Dlaczego tak jest? Dlaczego nasz mózg z łatwością zapamiętuje przykre dla nas wydarzenia, ale jakoś nie chce skupiać się na przyjemnościach. Czy coś jest nami nie tak?
Przyczyny leżą w procesie ewolucji, kiedy to kształtujący się mózg wciąż musiał być nastawiony na szukanie zagrożeń – tego, co mogło naszych przodków zjeść lub mocno poturbować. Jak radar wypatrywał tego, co stanowiło ryzyko dla przeżycia. Liczyło się przetrwanie. Jak sądzisz, który z naszych praprzodków miał szansę przetrwać – ten, który wąchał kwiatki i podziwiał pszczółki, czy ten, który wypatrywał zagrożenia i wciąż miał dzidę przy sobie? To właśnie w ten sposób, przez setki tysięcy lat, kształtował się sposób działania naszego mózgu. Skupienie na negatywnym gwarantowało przetrwanie. A mózg pragnie naszego przetrwania.
W jaki sposób zmienić ustawienia domyślne naszego mózgu?
Zaprogramowany sposób działania naszego mózgu jest trochę taki, jak ustawienia domyślne w telefonie – każdy nowy telefon jest zaprogramowany tak samo. Ale przecież możemy zmieniać te ustawienia. Czy tak samo da się zrobić z naszym mózgiem?

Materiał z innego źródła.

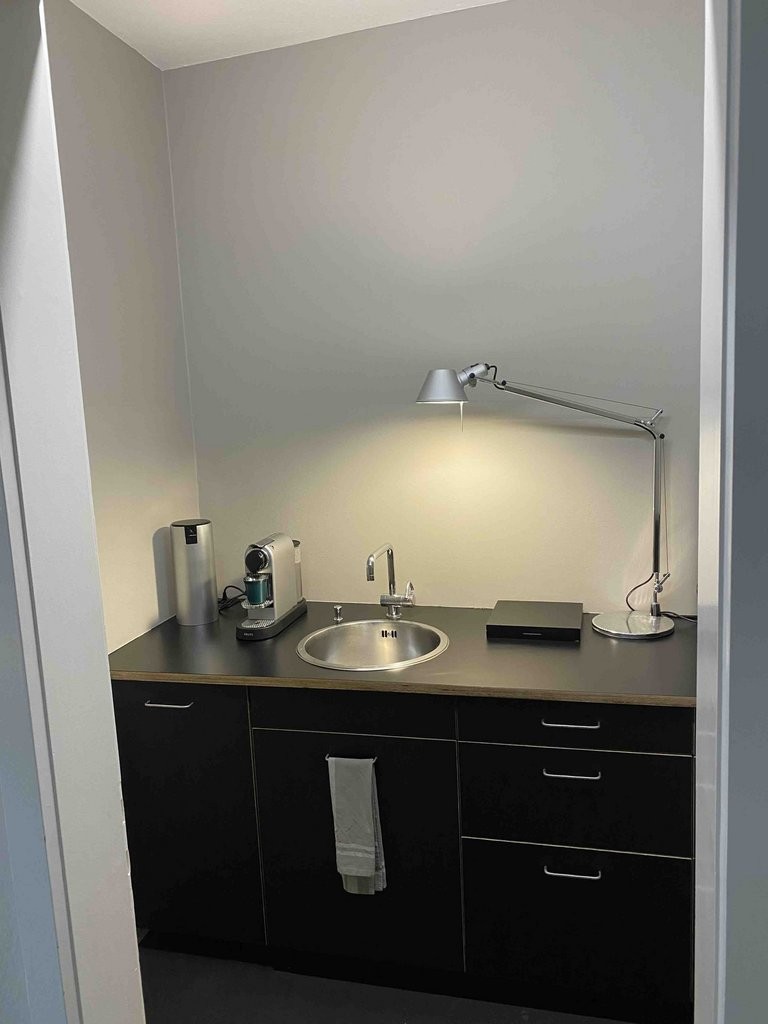 160m² office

Systematycznie trenując, możesz odwrócić ten schematyczny sposób działania mózgu, ponieważ jest on narzędziem plastycznym jak plastelina i można go zmieniać. Neurogeneza, czyli tworzenie nowych komórek w mózgu i połączeń między komórkami, co potwierdzają ostatnie badania, przebiega przez całe życie.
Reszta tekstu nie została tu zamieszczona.